→ **Activity**
Take the line containing "Main image of" and every line after it to the end of the records, and copy them exactly, leaving out pictures.

→ **Exercise inputs**

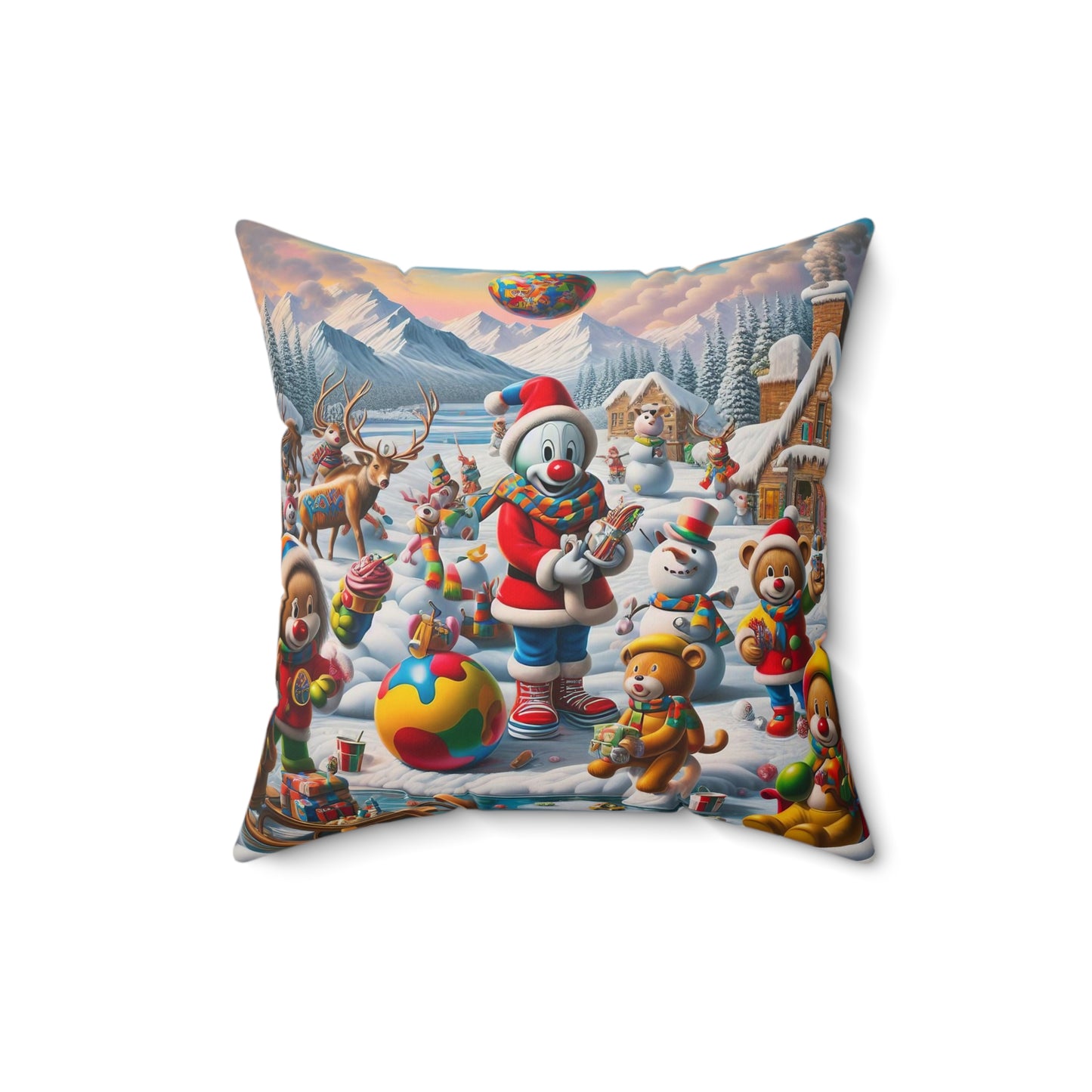 Spun Polyester Square Pillow - Winter 108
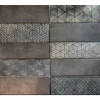 Mosaikfliese 'Talis' anthrazit 30 x 30 cm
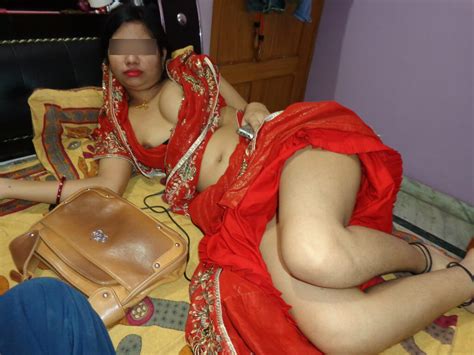 Suhagraat Ki Red Saree Mein Sex Desi Bhabi Blouse Big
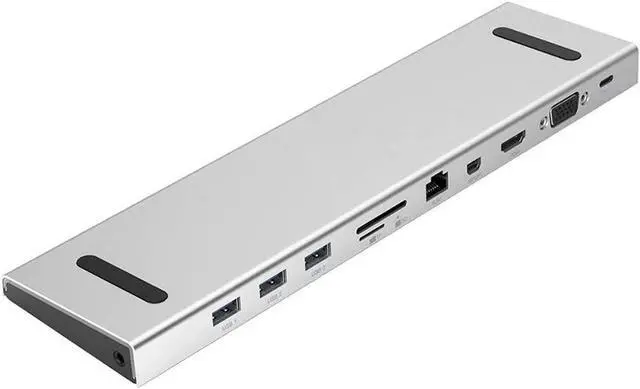 Main image of 10 in 1 Type-c HUB TF&SD Card Reader VGA Mini DP HDMI-Compatible RJ45 PD Charger USB3.1 Laptop Hub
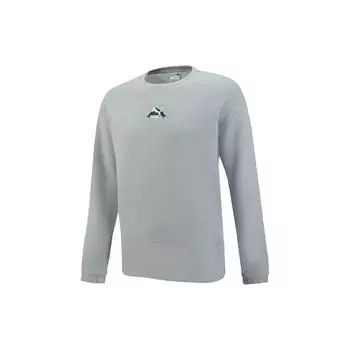 Puma Свитшот с круглым вырезом и длинным рукавом с логотипом, мужской свитшот, серый 537391-80 L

→ **Completed exercise**
 Main image of 10 in 1 Type-c HUB TF&SD Card Reader VGA Mini DP HDMI-Compatible RJ45 PD Charger USB3.1 Laptop Hub
 Puma Свитшот с круглым вырезом и длинным рукавом с логотипом, мужской свитшот, серый 537391-80 L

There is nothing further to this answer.